Das Wort zum Dienstag

Es gibt Kindheitsträume, die sich tatsächlich erfüllen - beinahe wenigstens. Diese Zeitung rückte über meine letzte Kolumne an dieser Stelle eine falsche Rubrik und erfüllte mir damit für kurze Zeit diesen Kindheitstraum - beinahe wenigstens. Der Traum damals (und jetzt wird es wie immer bei Träumen intim): Ich liebte meinen Vater und meinen Großvater und wollte entsprechend werden, was diese waren. Wie alle Söhne und Töchter, die ihre Elternteile lieben. Ich wollte hoch hinaus wie sie - nämlich auf eine Kanzel. Pastor werden wollte ich, und nichts schien mir schöner, angesehener und beschaulicher als dieses Amt, das mit dem Besitz von einer eigenen Kirche, einem eigenen Pfarrhaus mit Garten und wunderschönem Gemüseteil, der Schaukel und dem Hühnerhof verbunden war. Und jeden Sonntag sicher sein, daß mir die Menschen da unten ebenso stolz und andächtig zuhören werden, wie ich, wenn ich im Kindergottesdienst hockte und mir sagen konnte: Das ist mein Großvater da vorne. Aber alles lief anders. So ab 15 Jahre herum wandelt sich solcher Stolz in Zweifel, kippt die Andächtigkeit in Skepsis und der Apfel fiel zwar nicht immer ganz weit vom Stamm. Psychologie hat schließlich eine Wurzel gemein mit der Seelsorge - aber dennoch: Ich blieb unten auf dem Fußboden, schon weil ich enttäuscht erkannte, daß dies Leben oben auf der Kanzel keineswegs weniger Debatten und Hinterfragung erfordert als das von einem Schulkatheder oder Lehrstuhl aus. Und doch - da blieben in uns diese kleinen Wehmutsreste an den Kindheitstraum. Vorausgesetzt die Liebe bleibt zu den Personen von damals und damit den Dingen und Gedanken um sie herum und manchmal denkt das Kind in mir Mann: Wie wäre es, wenn Du wärest wie Vater und Großvater? Die schrieben nämlich jede Woche ihre Worte zum Sonntag - das machte damals immer nur ein Gottes-Spezialist im Kirchenkreis.
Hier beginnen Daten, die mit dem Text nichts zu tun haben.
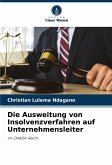 Die Ausweitung von Insolvenzverfahren auf Unternehmensleiter Die Ausweitung von Insolvenzverfahren auf Unternehmensleiter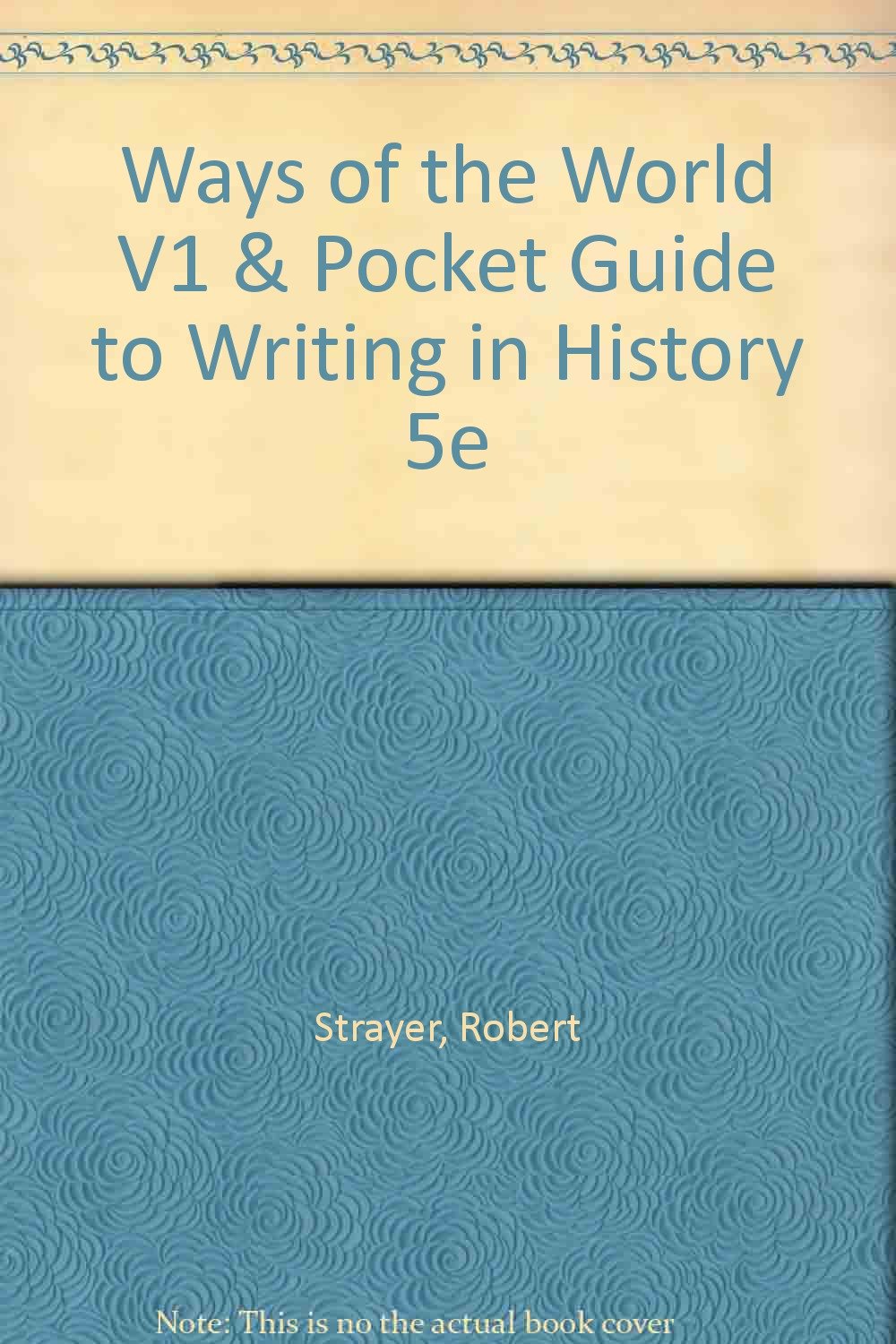 Ways of the World V1 & Pocket Guide to Writing in History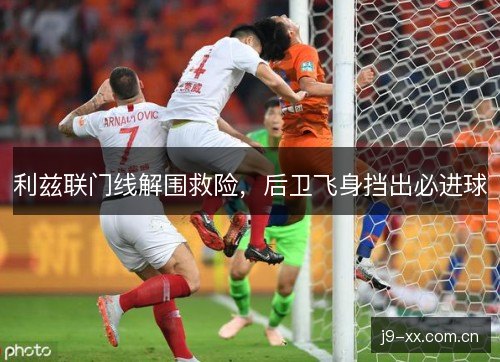 利兹联门线解围救险，后卫飞身挡出必进球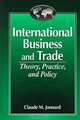 International Business and TradeTheory, Practice, and Policy, Claude M. Jonnard 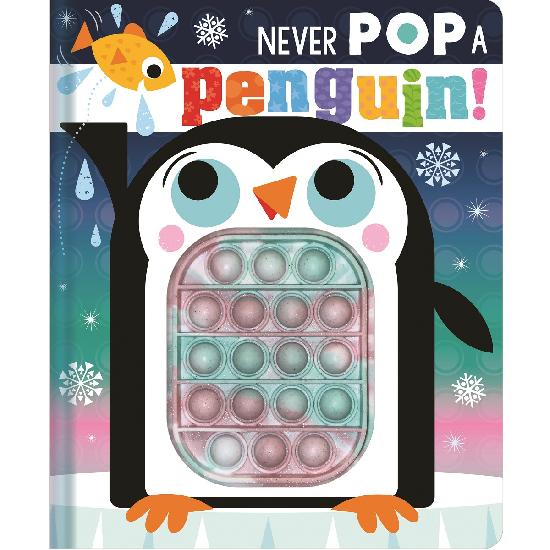 Never Pop A Penguin!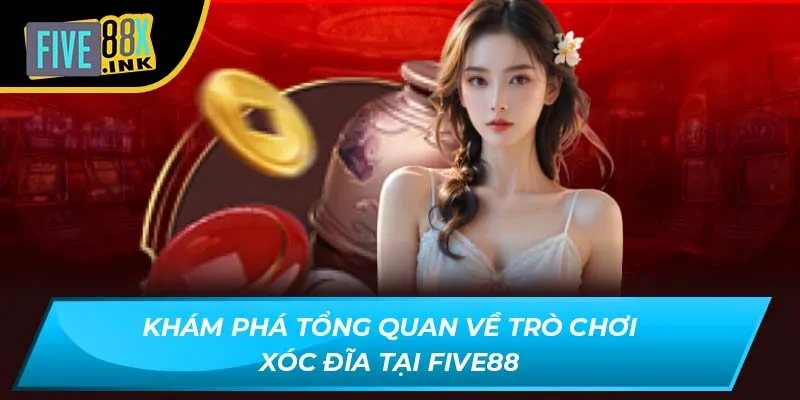 kham pha tong quan ve tro choi xoc dia tai five88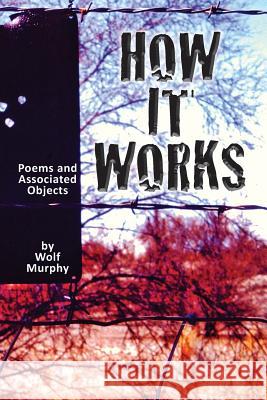 How It Works: Poems and Associated Objects Wolf Murphy 9781943333110 Jammin! Publications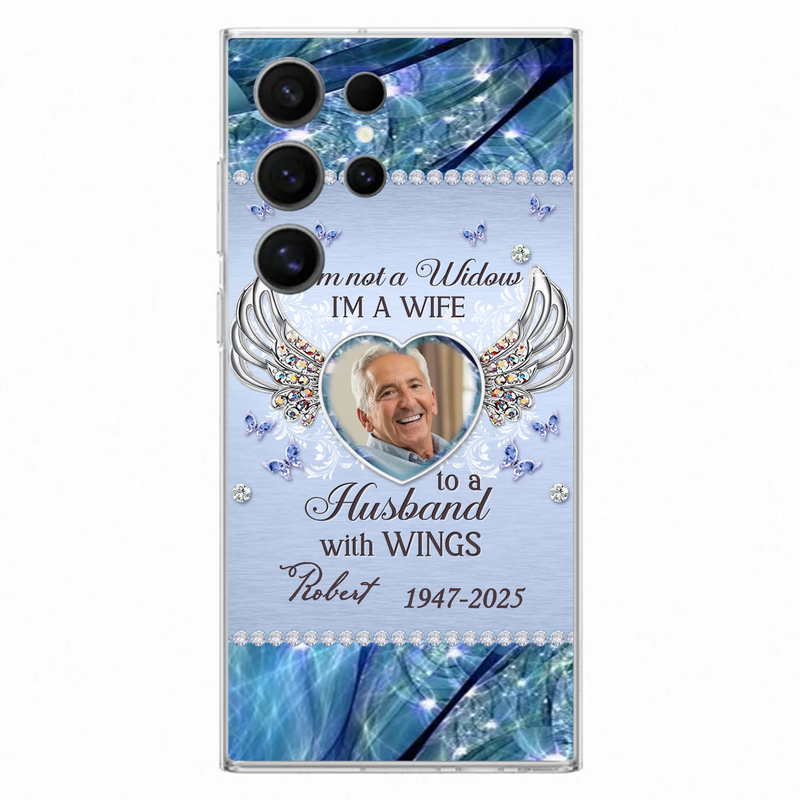 Custom Personalized Memorial Phone Case - Memorial Gift Idea For Family - Case For iPhone/Samsung - I'm Not A Widow
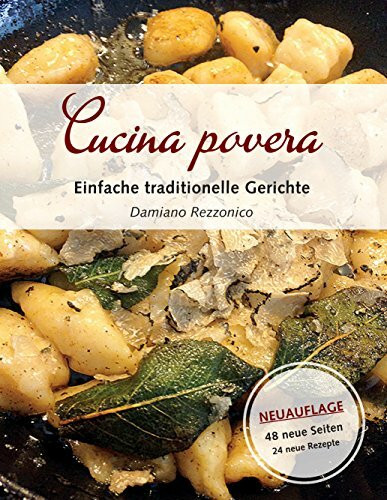 Cucina povera: Einfache traditionelle Gerichte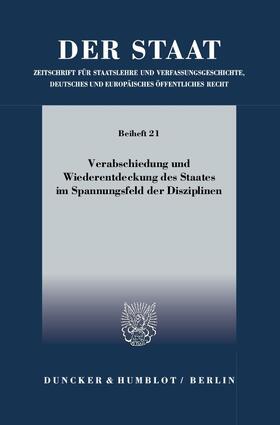 Voßkuhle / Bumke / Meinel | Verabschiedung und Wiederentdeckung des Staates im Spannungsfeld der Disziplinen | Buch | 978-3-428-13944-6 | sack.de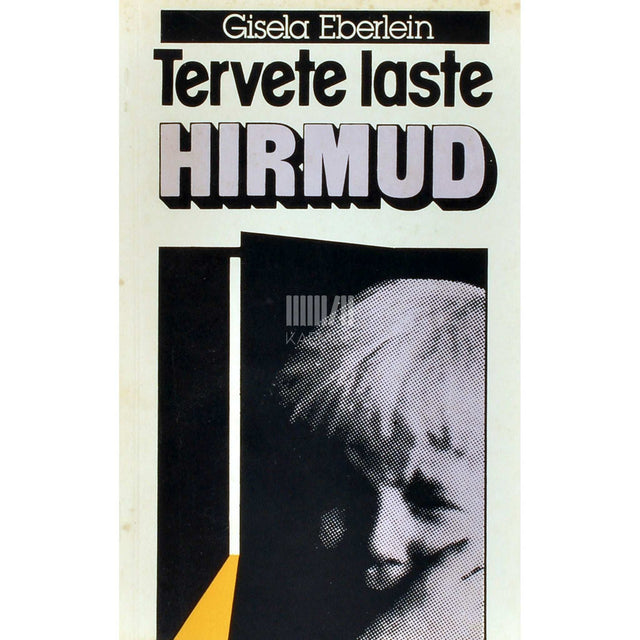 Gisela Eberlein - Tervete laste hirmud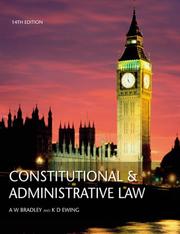 Cover of: Constitutional and Administrative Law by A. W. Bradley, K. D., Ph.D. Ewing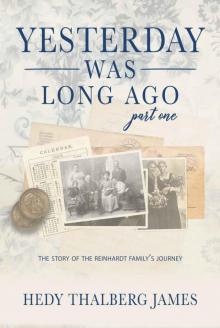 Yesterday Was Long Ago: Part One Yesterday Was Long Ago: Part One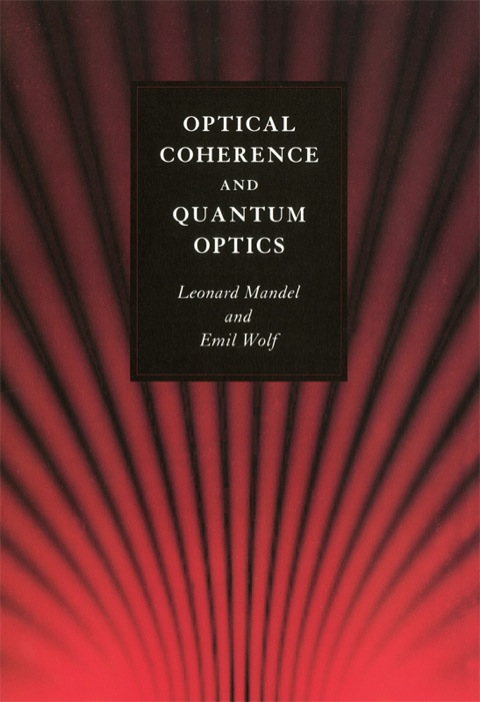Cover image for book Optical Coherence and Quantum Optics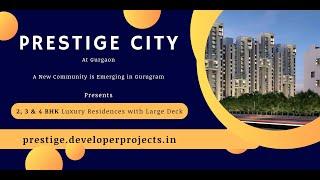 Prestige City Project In Gurgaon - Love Where You Live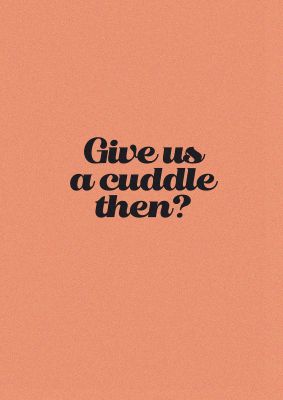 An unframed print of give us a cuddle peach funny slogans in typography in orange and black accent colour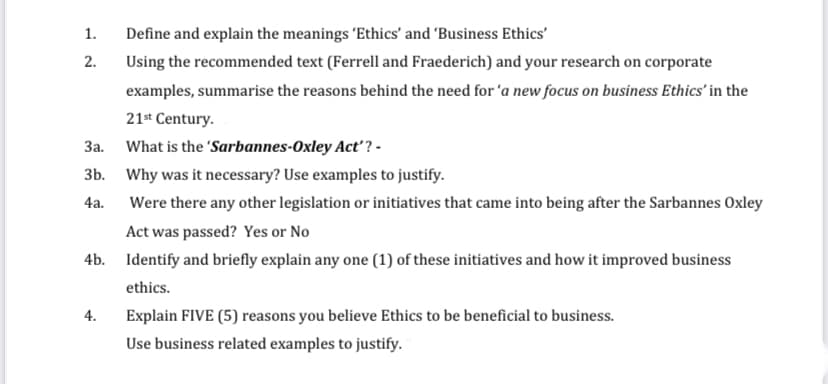 1.
Define and explain the meanings 'Ethics' and 'Business Ethics'
2.
Using the recommended text (Ferrell and Fraederich) and your research on corporate
examples, summarise the reasons behind the need for 'a new focus on business Ethics' in the
21* Century.
3a. What is the 'Sarbannes-Oxley Act? -
3b. Why was it necessary? Use examples to justify.
4a.
Were there any other legislation or initiatives that came into being after the Sarbannes Oxley
Act was passed? Yes or No
4b. Identify and briefly explain any one (1) of these initiatives and how it improved business
ethics.
4.
Explain FIVE (5) reasons you believe Ethics to be beneficial to business.
Use business related examples to justify.
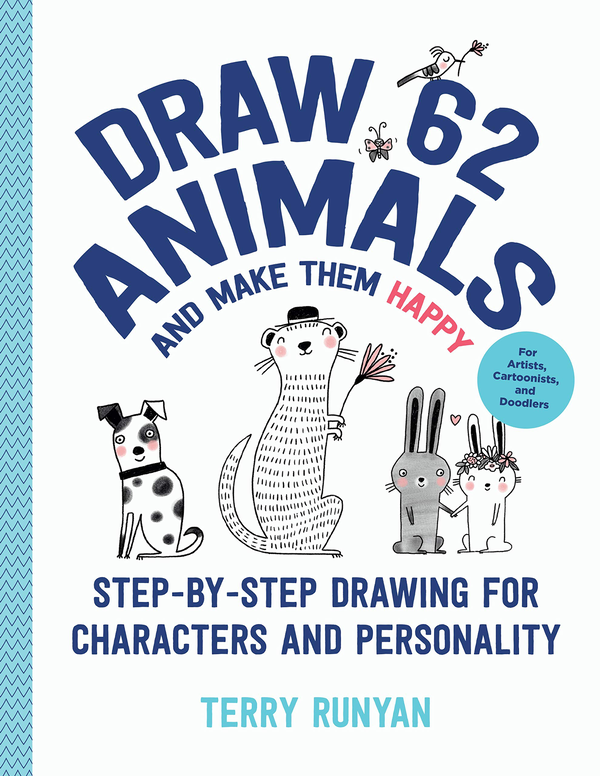 Паперова книга «Draw 62 Animals and Make Them Happy. Step-by-Step Drawing for Characters and Personality», автор Террі Рунян - фото №1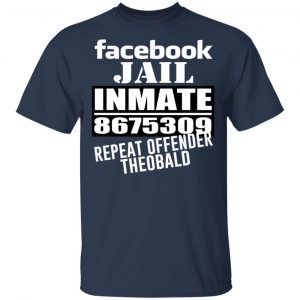 Facebook Jail Inmate 8675309 Repeat Offender Theobald Shirt, Hoodie, Tank 17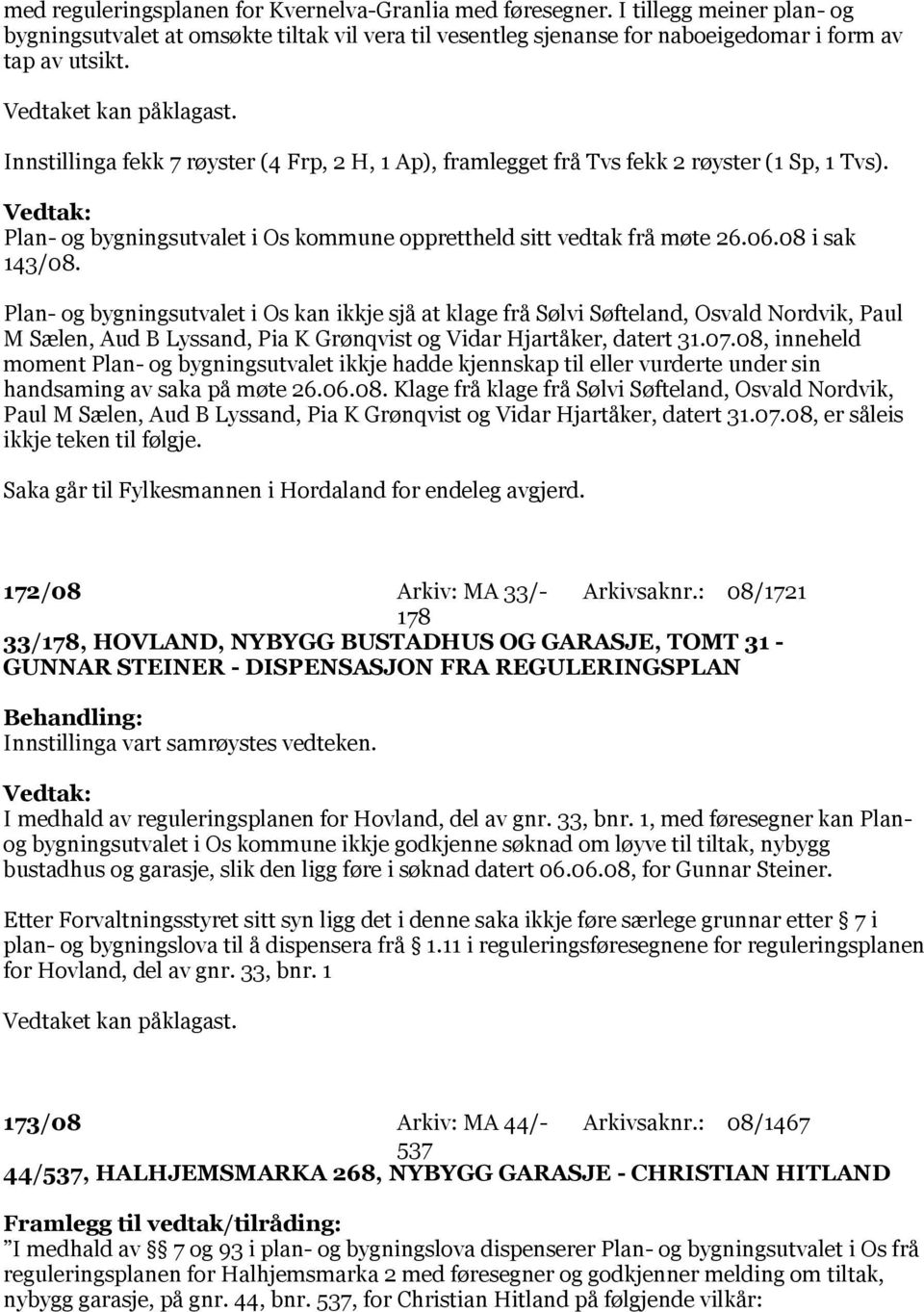 Plan- og bygningsutvalet i Os kan ikkje sjå at klage frå Sølvi Søfteland, Osvald Nordvik, Paul M Sælen, Aud B Lyssand, Pia K Grønqvist og Vidar Hjartåker, datert 31.07.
Ich schreibe schließlich nur für den Alltag, genauer den Dienstag. Richtig andächtig wurde ich beim Nachsinnen, was mir diese versehentliche Amtsautorität durch den falschen Balken einbrachte: „Eine Beförderung von der harmlosen Kolumne Zu einem Wort“! „Worte" denken und sprechen eben nur Geistliche, Philosophen und Bundespräsidenten in der Neujahrsansprache lauter Würdenträger also.